WORLD
Laos 1965 plane crash airmen to be buried at Arlington National Cemetery
ARLINGTON, Va. (AP) - It was Christmas Eve 1965 when the Air Force plane nicknamed "Spooky" took off from Vietnam for a combat mission. The crew sent out a "mayday" signal while flying over Laos, and after that, all contact was lost.
Two days of searches turned up nothing. For years, that was all the families knew about what happened to the six servicemen aboard the plane.
Now, nearly 50 years after the AC-47D went down, a measure of finality comes Monday: Remains from the six men will be buried with full military honors in a single casket at Arlington National Cemetery.

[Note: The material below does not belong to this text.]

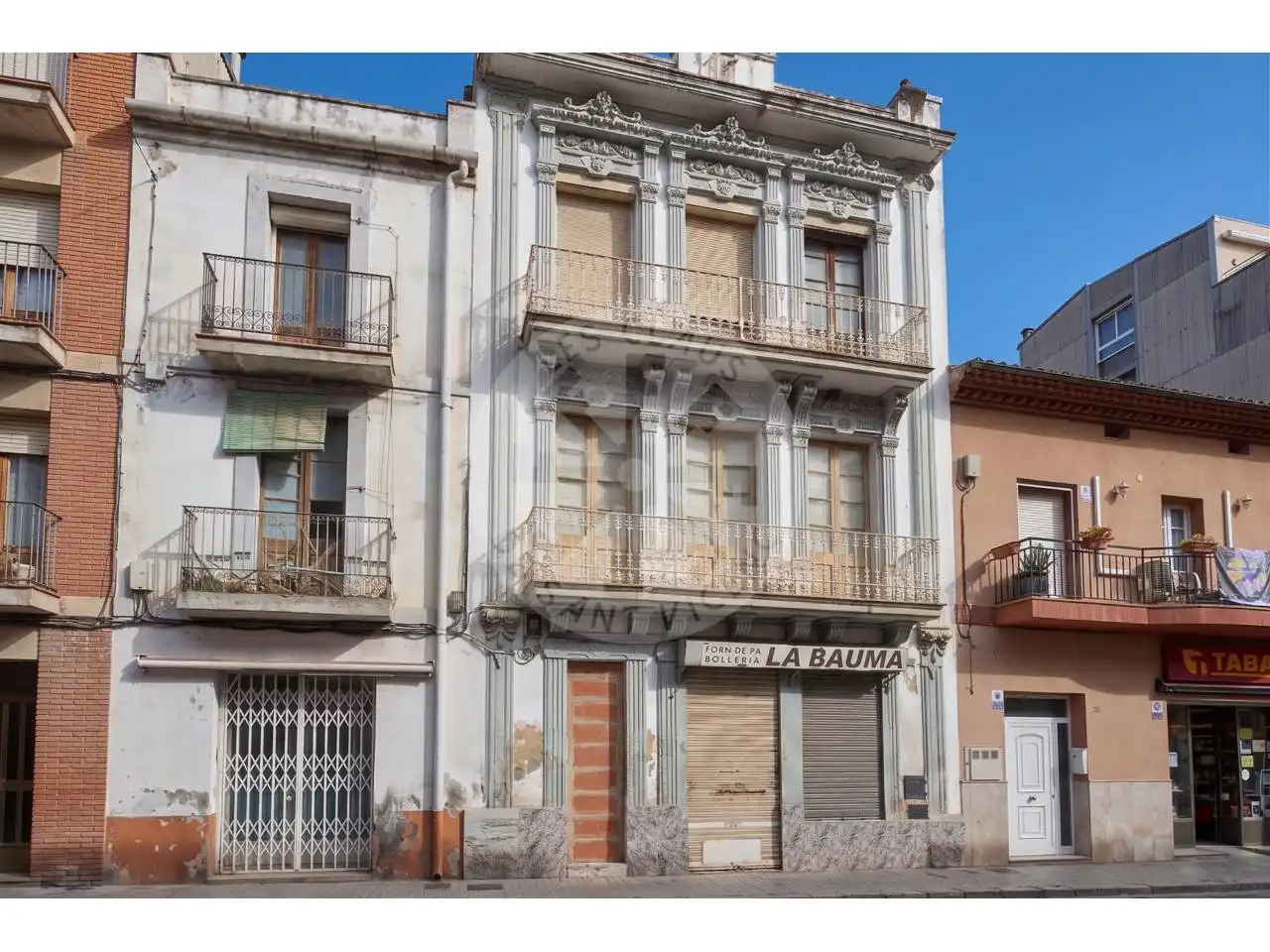 Vista exterior de Edificio en venta en Castellbell i el Vilar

The burial comes after the recovery of remains in 2010 and 2011 by joint U.S.-Laotian search teams.
Examiners relied on dental records, personal items recovered from the site and circumstantial evidence to conclude that the recovered remains are representative of all six Air Force servicemen: Col. Joseph Christiano of Rochester, N.Y.; Col. Derrell B. Jeffords of Florence, S.C.; Lt. Col. Dennis L. Eilers of Cedar Rapids, Iowa; Chief Master Sgt. William K. Colwell of Glen Cove, N.Y.; Chief Master Sgt. Arden K. Hassenger of Lebanon, Ore.; and Chief Master Sgt. Larry C. Thornton of Idaho Falls, Idaho.
The Air Force gave all six posthumous promotions, a military spokeswoman said. Dribs and drabs of information came in over the years, and some family members heard rumors that loved ones had been seen alive.
But mostly it was the passage of time that led relatives to conclude their loved ones had perished.
"The sad part about our situation is for seven years, we hoped he was alive," said Jeanne Jeffords, 86, of Temecula, Calif., whose husband, Derrell, was on board.
Their son, Terry, was 16 years old when Jeffords died and their daughter, Deryl, was 13. "We hoped he was a prisoner.
Seven years later, they released all the prisoners. The Air Force called me at 3 a.m. one morning and said, 'We're sorry to tell you, but your husband is not among the prisoners.'"
Ron Thornton, who now lives in Bozeman, Mont., remembered reacting to news his father's plane had gone missing with the optimism of the sixth-grader he was in 1965: At some point, he was just sure his father would come walking out of the jungle and back into his family's arms.